She’s leans left, he leans right and somehow they meet in the middle.
Yes, today I learned that Republicans and Democrats can live in marital bliss.
I met Rancho Cucamonga Mayor Donald Kurth and his wife Dee Matreyek outside the National Cathedral on Friday night.
They were in a bi-partisan mood, as we chatted at a toasty nearby restaurant.
But it was nice little contrast in political philosophies.
Watching them together wasn’t exactly like watching conservative political strategist Mary Matalin and her left-leaning husband and political “enemy” James Carville go at each other on T.V., but you could tell they had their political differences, which they were a little tongue-and-cheek about.
Both agreed that Obama was a good thing for the country, even though Kurth helped lead John McCain’s health care coalition in California and she was among the several people arrested in a war protest in Hollywood when the U.S. initially occupied Iraq.
“Obama manifests the hopes and dreams of the future,” Kurth said. “We all want the best for our country.”
But when I asked about what they’ll be thinking when they see President Bush depart from the Capitol, the tones were more contrasting.
“Nothing you can write down,” Matreyek said.

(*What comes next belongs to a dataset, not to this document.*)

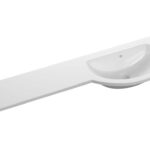 1244mm Slim Round One-Piece Basin & Overflow Ring - Right Hand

“Dee!” the mayor jokingly chided, just before she added that the self-reflection she has seen Bush display over the last couple of weeks was something she wished he would have shown his whole presidency.
Mayor Kurth was a little more forgiving.
“You know, it’s a tough job,” he said. “We elect human beings for that job. I mean, it’s not easy being a mayor. I’m sure it’s much tougher to be president of the United States.”
And yet, even with political differences, coming to the inauguration was a chance for the couple to see D.C. together — not on official mayoral business, they said.
That doesn’t mean the mayor won’t be chatting it up with local legislators like Reps. Gary Miller and David Dreier.
Kurth has his work cut out for him, hoping to convince legislators to bring home the bacon for his city and the Inland Empire as Obama seeks infrastructure projects that could help revive the region’s sagging economy.
But politics aside, with all the contention between Republicans and Democrats over the last eight years, it was good to know first hand that there was at least one couple that can meet on bi-partisan ground.
With that, I thanked the mayor and his wife and I was off into the cold air again, looking for a cab, a ball and an interview with Obama.